Collection entries:
···
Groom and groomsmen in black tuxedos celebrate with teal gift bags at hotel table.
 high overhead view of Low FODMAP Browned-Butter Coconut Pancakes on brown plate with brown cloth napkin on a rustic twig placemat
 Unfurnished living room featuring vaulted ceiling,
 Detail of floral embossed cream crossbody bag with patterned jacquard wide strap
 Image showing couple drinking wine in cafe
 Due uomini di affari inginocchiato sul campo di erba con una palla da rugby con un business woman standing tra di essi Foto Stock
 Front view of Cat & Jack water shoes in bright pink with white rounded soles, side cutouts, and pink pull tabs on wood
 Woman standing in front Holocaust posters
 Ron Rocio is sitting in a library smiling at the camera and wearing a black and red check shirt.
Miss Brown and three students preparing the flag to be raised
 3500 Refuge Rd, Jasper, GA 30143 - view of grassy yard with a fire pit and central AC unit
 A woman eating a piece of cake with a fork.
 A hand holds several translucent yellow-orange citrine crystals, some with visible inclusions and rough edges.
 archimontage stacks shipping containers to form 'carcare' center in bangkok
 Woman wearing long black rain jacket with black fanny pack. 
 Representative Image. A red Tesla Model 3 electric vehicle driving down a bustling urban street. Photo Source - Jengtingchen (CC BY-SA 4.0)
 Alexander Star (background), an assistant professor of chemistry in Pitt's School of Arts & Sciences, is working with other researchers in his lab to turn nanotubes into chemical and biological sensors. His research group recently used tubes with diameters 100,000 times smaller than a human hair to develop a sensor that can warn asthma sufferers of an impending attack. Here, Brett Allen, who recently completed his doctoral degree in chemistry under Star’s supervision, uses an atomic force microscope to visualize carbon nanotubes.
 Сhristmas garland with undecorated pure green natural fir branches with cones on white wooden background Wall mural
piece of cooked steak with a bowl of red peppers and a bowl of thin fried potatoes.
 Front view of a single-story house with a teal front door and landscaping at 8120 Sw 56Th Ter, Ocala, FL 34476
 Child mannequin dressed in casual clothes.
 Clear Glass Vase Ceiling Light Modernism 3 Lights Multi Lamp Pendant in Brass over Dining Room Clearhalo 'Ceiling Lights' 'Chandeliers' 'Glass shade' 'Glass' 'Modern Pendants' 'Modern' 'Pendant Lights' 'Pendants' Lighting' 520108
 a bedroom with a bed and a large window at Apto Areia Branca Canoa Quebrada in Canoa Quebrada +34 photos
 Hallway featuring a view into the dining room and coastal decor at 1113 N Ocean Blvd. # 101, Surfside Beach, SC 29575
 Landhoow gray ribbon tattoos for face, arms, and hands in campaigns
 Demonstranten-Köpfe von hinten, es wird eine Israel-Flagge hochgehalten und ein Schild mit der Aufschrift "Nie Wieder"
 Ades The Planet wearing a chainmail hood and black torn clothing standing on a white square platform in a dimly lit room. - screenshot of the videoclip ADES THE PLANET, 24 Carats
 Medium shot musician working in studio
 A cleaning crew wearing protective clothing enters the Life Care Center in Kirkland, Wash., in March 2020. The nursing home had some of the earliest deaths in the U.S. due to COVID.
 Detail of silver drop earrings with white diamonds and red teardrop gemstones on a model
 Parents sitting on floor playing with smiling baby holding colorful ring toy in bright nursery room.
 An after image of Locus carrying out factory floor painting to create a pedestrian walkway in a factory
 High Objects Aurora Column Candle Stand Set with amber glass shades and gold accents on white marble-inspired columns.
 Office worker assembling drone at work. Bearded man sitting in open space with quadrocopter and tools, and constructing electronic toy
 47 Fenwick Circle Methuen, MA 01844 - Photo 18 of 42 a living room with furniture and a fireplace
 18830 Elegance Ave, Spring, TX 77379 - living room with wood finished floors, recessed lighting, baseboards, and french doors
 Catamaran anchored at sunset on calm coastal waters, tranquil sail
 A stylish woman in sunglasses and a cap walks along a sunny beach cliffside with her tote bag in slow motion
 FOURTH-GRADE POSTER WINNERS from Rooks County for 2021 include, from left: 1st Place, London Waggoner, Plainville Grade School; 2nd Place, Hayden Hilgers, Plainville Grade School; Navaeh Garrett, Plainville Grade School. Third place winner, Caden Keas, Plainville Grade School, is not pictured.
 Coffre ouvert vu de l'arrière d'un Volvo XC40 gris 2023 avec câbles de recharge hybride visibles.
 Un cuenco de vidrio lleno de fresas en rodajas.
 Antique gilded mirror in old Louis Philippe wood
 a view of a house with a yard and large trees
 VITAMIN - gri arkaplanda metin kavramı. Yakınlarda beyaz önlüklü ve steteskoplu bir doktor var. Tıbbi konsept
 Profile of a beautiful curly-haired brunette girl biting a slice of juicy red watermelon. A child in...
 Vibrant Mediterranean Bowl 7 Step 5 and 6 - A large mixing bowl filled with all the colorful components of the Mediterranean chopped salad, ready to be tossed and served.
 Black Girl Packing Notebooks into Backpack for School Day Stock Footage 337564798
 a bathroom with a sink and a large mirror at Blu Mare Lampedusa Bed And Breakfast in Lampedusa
···
### ABOUT THIS TASK
Each line above must be reproduced exactly as it stands.

### PROBLEM SOLUTION
Groom and groomsmen in black tuxedos celebrate with teal gift bags at hotel table.
 high overhead view of Low FODMAP Browned-Butter Coconut Pancakes on brown plate with brown cloth napkin on a rustic twig placemat
 Unfurnished living room featuring vaulted ceiling,
 Detail of floral embossed cream crossbody bag with patterned jacquard wide strap
 Image showing couple drinking wine in cafe
 Due uomini di affari inginocchiato sul campo di erba con una palla da rugby con un business woman standing tra di essi Foto Stock
 Front view of Cat & Jack water shoes in bright pink with white rounded soles, side cutouts, and pink pull tabs on wood
 Woman standing in front Holocaust posters
 Ron Rocio is sitting in a library smiling at the camera and wearing a black and red check shirt.
Miss Brown and three students preparing the flag to be raised
 3500 Refuge Rd, Jasper, GA 30143 - view of grassy yard with a fire pit and central AC unit
 A woman eating a piece of cake with a fork.
 A hand holds several translucent yellow-orange citrine crystals, some with visible inclusions and rough edges.
 archimontage stacks shipping containers to form 'carcare' center in bangkok
 Woman wearing long black rain jacket with black fanny pack. 
 Representative Image. A red Tesla Model 3 electric vehicle driving down a bustling urban street. Photo Source - Jengtingchen (CC BY-SA 4.0)
 Alexander Star (background), an assistant professor of chemistry in Pitt's School of Arts & Sciences, is working with other researchers in his lab to turn nanotubes into chemical and biological sensors. His research group recently used tubes with diameters 100,000 times smaller than a human hair to develop a sensor that can warn asthma sufferers of an impending attack. Here, Brett Allen, who recently completed his doctoral degree in chemistry under Star’s supervision, uses an atomic force microscope to visualize carbon nanotubes.
 Сhristmas garland with undecorated pure green natural fir branches with cones on white wooden background Wall mural
piece of cooked steak with a bowl of red peppers and a bowl of thin fried potatoes.
 Front view of a single-story house with a teal front door and landscaping at 8120 Sw 56Th Ter, Ocala, FL 34476
 Child mannequin dressed in casual clothes.
 Clear Glass Vase Ceiling Light Modernism 3 Lights Multi Lamp Pendant in Brass over Dining Room Clearhalo 'Ceiling Lights' 'Chandeliers' 'Glass shade' 'Glass' 'Modern Pendants' 'Modern' 'Pendant Lights' 'Pendants' Lighting' 520108
 a bedroom with a bed and a large window at Apto Areia Branca Canoa Quebrada in Canoa Quebrada +34 photos
 Hallway featuring a view into the dining room and coastal decor at 1113 N Ocean Blvd. # 101, Surfside Beach, SC 29575
 Landhoow gray ribbon tattoos for face, arms, and hands in campaigns
 Demonstranten-Köpfe von hinten, es wird eine Israel-Flagge hochgehalten und ein Schild mit der Aufschrift "Nie Wieder"
 Ades The Planet wearing a chainmail hood and black torn clothing standing on a white square platform in a dimly lit room. - screenshot of the videoclip ADES THE PLANET, 24 Carats
 Medium shot musician working in studio
 A cleaning crew wearing protective clothing enters the Life Care Center in Kirkland, Wash., in March 2020. The nursing home had some of the earliest deaths in the U.S. due to COVID.
 Detail of silver drop earrings with white diamonds and red teardrop gemstones on a model
 Parents sitting on floor playing with smiling baby holding colorful ring toy in bright nursery room.
 An after image of Locus carrying out factory floor painting to create a pedestrian walkway in a factory
 High Objects Aurora Column Candle Stand Set with amber glass shades and gold accents on white marble-inspired columns.
 Office worker assembling drone at work. Bearded man sitting in open space with quadrocopter and tools, and constructing electronic toy
 47 Fenwick Circle Methuen, MA 01844 - Photo 18 of 42 a living room with furniture and a fireplace
 18830 Elegance Ave, Spring, TX 77379 - living room with wood finished floors, recessed lighting, baseboards, and french doors
 Catamaran anchored at sunset on calm coastal waters, tranquil sail
 A stylish woman in sunglasses and a cap walks along a sunny beach cliffside with her tote bag in slow motion
 FOURTH-GRADE POSTER WINNERS from Rooks County for 2021 include, from left: 1st Place, London Waggoner, Plainville Grade School; 2nd Place, Hayden Hilgers, Plainville Grade School; Navaeh Garrett, Plainville Grade School. Third place winner, Caden Keas, Plainville Grade School, is not pictured.
 Coffre ouvert vu de l'arrière d'un Volvo XC40 gris 2023 avec câbles de recharge hybride visibles.
 Un cuenco de vidrio lleno de fresas en rodajas.
 Antique gilded mirror in old Louis Philippe wood
 a view of a house with a yard and large trees
 VITAMIN - gri arkaplanda metin kavramı. Yakınlarda beyaz önlüklü ve steteskoplu bir doktor var. Tıbbi konsept
 Profile of a beautiful curly-haired brunette girl biting a slice of juicy red watermelon. A child in...
 Vibrant Mediterranean Bowl 7 Step 5 and 6 - A large mixing bowl filled with all the colorful components of the Mediterranean chopped salad, ready to be tossed and served.
 Black Girl Packing Notebooks into Backpack for School Day Stock Footage 337564798
 a bathroom with a sink and a large mirror at Blu Mare Lampedusa Bed And Breakfast in Lampedusa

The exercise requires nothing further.